Instructions to follow: Transcribe, exactly and without pictures, the lines below from the line with "2816 Grand Fountains" to the line with "Berardi und die", both ends included, and no others.

Data supplied:

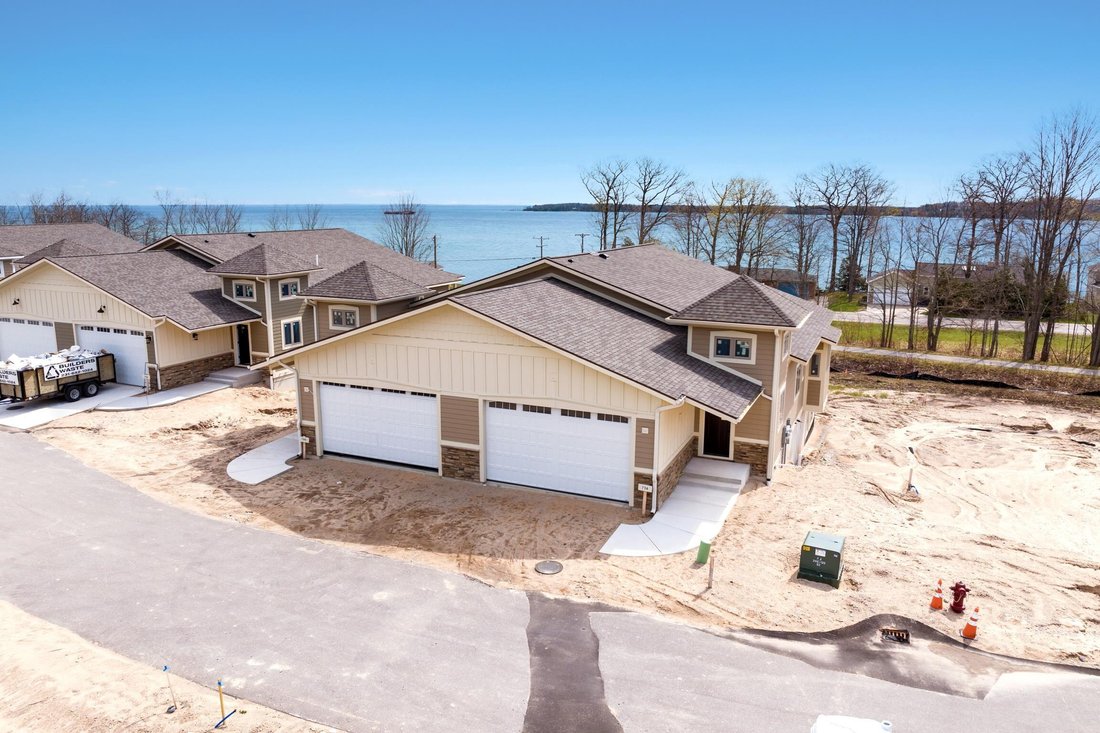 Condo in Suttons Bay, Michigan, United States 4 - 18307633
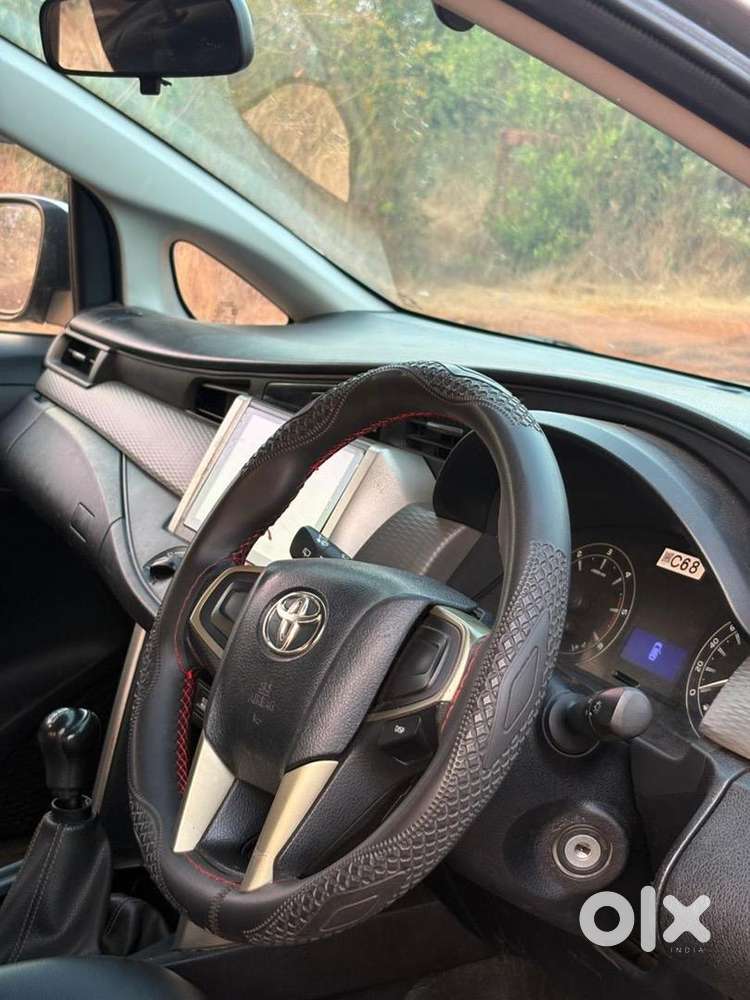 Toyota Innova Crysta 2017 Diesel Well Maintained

--

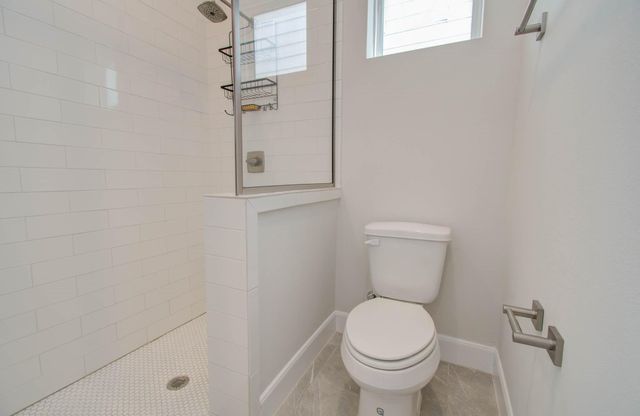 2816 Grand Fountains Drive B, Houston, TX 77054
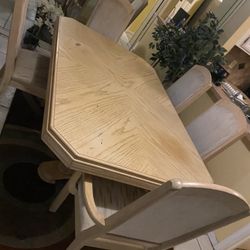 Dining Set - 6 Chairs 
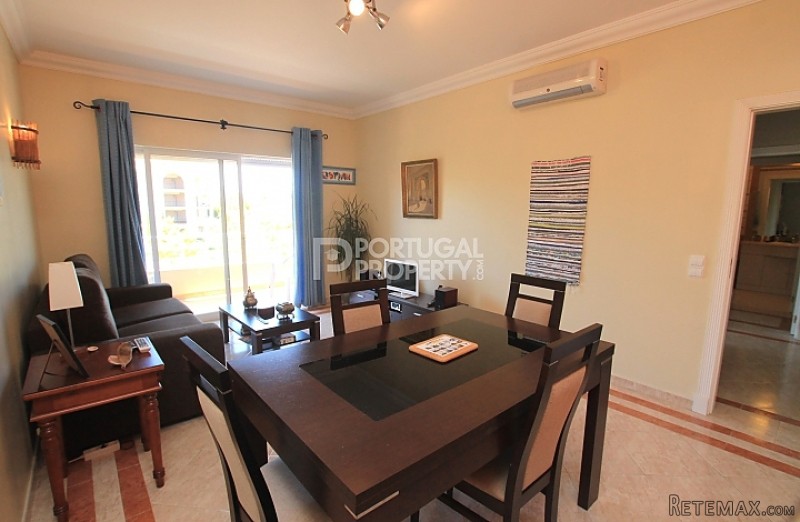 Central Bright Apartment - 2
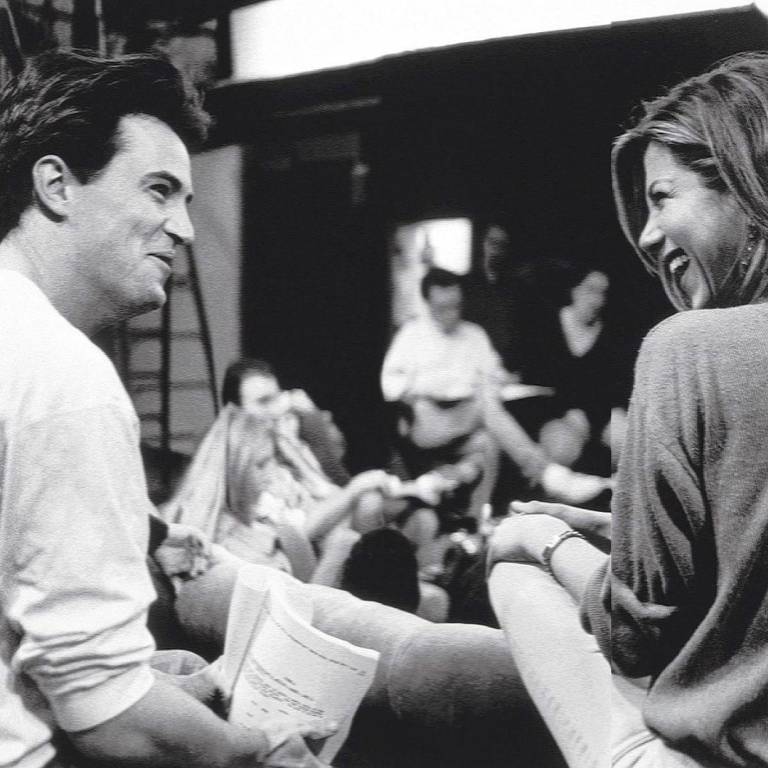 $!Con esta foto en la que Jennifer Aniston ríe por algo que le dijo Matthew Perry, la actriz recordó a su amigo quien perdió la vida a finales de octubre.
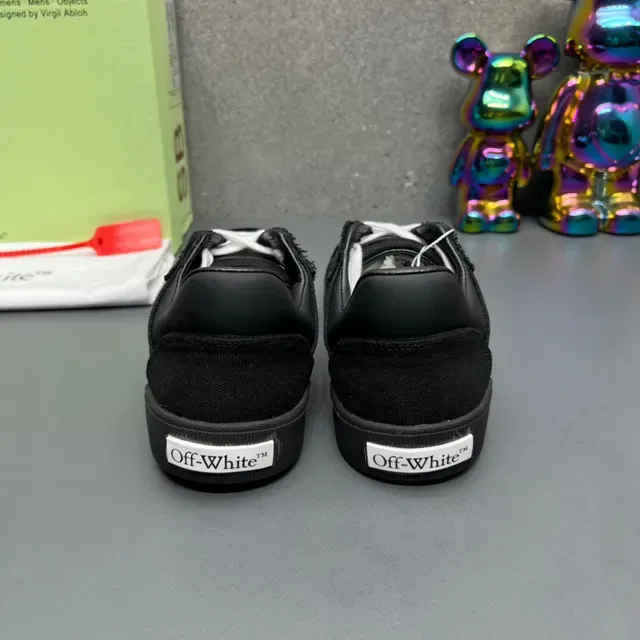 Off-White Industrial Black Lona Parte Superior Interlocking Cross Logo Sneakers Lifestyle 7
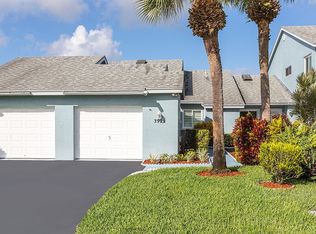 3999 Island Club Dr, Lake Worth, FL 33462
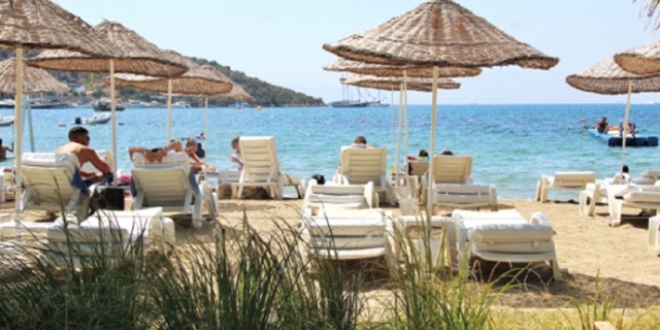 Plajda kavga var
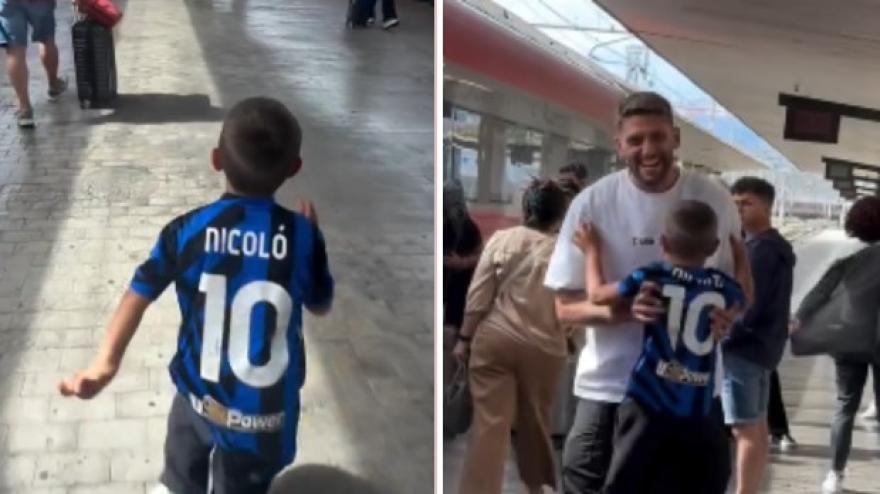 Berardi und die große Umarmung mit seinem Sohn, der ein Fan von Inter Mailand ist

Answer box:
 2816 Grand Fountains Drive B, Houston, TX 77054
 Dining Set - 6 Chairs 
 Central Bright Apartment - 2
 $!Con esta foto en la que Jennifer Aniston ríe por algo que le dijo Matthew Perry, la actriz recordó a su amigo quien perdió la vida a finales de octubre.
 Off-White Industrial Black Lona Parte Superior Interlocking Cross Logo Sneakers Lifestyle 7
 3999 Island Club Dr, Lake Worth, FL 33462
 Plajda kavga var
 Berardi und die große Umarmung mit seinem Sohn, der ein Fan von Inter Mailand ist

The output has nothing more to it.